» Supplied records:
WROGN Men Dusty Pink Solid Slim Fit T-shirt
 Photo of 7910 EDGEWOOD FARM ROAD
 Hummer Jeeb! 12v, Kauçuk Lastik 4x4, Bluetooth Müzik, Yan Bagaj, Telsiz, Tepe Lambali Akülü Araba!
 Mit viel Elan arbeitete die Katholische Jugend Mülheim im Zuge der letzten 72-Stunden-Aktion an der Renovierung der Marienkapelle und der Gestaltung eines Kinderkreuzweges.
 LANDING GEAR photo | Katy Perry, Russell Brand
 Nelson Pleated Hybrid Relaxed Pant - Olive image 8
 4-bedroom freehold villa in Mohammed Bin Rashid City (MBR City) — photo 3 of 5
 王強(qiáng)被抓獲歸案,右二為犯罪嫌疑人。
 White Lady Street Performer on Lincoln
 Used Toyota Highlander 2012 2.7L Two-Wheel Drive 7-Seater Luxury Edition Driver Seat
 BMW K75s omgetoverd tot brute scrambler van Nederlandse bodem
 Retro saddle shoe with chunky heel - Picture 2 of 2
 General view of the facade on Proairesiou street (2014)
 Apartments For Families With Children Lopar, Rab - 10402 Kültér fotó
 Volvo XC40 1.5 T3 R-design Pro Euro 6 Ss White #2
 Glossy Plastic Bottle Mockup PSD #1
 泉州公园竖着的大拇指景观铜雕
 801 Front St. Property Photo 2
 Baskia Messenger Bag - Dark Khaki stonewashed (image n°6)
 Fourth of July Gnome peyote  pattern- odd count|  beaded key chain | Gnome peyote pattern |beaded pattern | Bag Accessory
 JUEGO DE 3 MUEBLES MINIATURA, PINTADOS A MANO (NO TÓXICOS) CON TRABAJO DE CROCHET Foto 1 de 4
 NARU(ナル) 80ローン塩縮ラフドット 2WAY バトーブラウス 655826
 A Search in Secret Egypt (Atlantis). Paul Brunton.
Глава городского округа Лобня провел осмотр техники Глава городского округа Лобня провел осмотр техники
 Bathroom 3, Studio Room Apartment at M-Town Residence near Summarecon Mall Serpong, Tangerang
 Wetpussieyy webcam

» The task: Beginning with the line above that contains "Mit viel Elan", copy each line exactly up to and including the line that contains "Baskia Messenger Bag", and go no further.

» Task response:
 Mit viel Elan arbeitete die Katholische Jugend Mülheim im Zuge der letzten 72-Stunden-Aktion an der Renovierung der Marienkapelle und der Gestaltung eines Kinderkreuzweges.
 LANDING GEAR photo | Katy Perry, Russell Brand
 Nelson Pleated Hybrid Relaxed Pant - Olive image 8
 4-bedroom freehold villa in Mohammed Bin Rashid City (MBR City) — photo 3 of 5
 王強(qiáng)被抓獲歸案,右二為犯罪嫌疑人。
 White Lady Street Performer on Lincoln
 Used Toyota Highlander 2012 2.7L Two-Wheel Drive 7-Seater Luxury Edition Driver Seat
 BMW K75s omgetoverd tot brute scrambler van Nederlandse bodem
 Retro saddle shoe with chunky heel - Picture 2 of 2
 General view of the facade on Proairesiou street (2014)
 Apartments For Families With Children Lopar, Rab - 10402 Kültér fotó
 Volvo XC40 1.5 T3 R-design Pro Euro 6 Ss White #2
 Glossy Plastic Bottle Mockup PSD #1
 泉州公园竖着的大拇指景观铜雕
 801 Front St. Property Photo 2
 Baskia Messenger Bag - Dark Khaki stonewashed (image n°6)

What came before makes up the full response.